We did something radically different from any other startup website I’ve seen: we put quotes from the most reputable VC (Peter Thiel), accelerator CEO (Garry Tan), and startup founder (Ryan Petersen), all Monaco investors, at the top of the home page.
The result is when startup founders visit the site after watching the video, Peter, Garry, and Ryan are effectively telling them they need to get their startup on Monaco ASAP. This adds credibility and social proof for an already intrigued potential customer. Which founder is going to disagree with Peter, Garry, and Ryan?
4. Launch day campaigns: You should treat your launch as a one-time opportunity to create brand awareness about your company. You only launch once. Make the most of it.
We did a couple creative things that stood out and added to the buzz on launch day. We identified a bunch of startup founders in SF that we’d love to onboard as customers. We ordered high end Monaco branded poker sets - founders and startup employees like poker - to deliver on launch day.
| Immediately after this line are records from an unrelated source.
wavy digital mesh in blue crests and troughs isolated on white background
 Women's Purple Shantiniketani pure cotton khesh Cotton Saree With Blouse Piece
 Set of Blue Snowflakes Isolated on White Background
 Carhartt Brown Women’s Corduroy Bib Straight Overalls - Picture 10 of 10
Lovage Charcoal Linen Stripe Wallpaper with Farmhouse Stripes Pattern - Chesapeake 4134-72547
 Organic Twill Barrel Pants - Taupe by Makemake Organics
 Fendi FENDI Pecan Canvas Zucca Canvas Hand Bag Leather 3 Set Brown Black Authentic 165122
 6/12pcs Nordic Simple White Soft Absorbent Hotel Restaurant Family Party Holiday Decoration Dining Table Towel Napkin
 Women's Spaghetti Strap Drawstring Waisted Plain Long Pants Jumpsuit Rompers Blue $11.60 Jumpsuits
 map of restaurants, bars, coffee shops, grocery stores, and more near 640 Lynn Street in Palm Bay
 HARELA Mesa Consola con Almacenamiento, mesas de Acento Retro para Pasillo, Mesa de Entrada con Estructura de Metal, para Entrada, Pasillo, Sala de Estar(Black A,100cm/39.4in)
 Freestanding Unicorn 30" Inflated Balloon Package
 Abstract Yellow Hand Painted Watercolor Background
We included a handwritten note with an incentive for the founder to post about their new poker set on X. Countless founders of some of the best startups were posting on launch day with images of their new poker set and tagging Monaco.
We didn’t stop there. The weekend before our launch I was out for a walk in SF and saw a bunch of LED box trucks advertising for the Super Bowl. I thought it’d be cool to have these same trucks driving around SF all day on our launch day.
I reached out to some of the vendors and was able to book 6 of these trucks at a heavily discounted rate because they were already in SF for the Super Bowl.
Again, countless posts from people seeing these trucks, who had seen our launch video, and had maybe even received a poker set, with the sentiment that Monaco is EVERYWHERE today.
5. Reinforcement - this is equally as important as the launch itself. The mistake most startups make is after they launch, they go silent and largely disappear. There are countless “remember that company that did that thing everyone was talking about? I wonder what happened to them.”
Post launch, you want to remain the company everyone is talking about. Over the coming days, weeks, and months our hope is you will continue to see Monaco everywhere through our campaigns and customers highlighting their wins on Monaco.
You’ll see examples of this starting this week. Our goal is to suck all the oxygen out of the space. Every demo someone takes with a competitor, the question will come up: how do you compare to Monaco? That’s not how you want to start a call.
The ultimate outcome of this approach: It will be very difficult to compete against Monaco. We are going to win the space.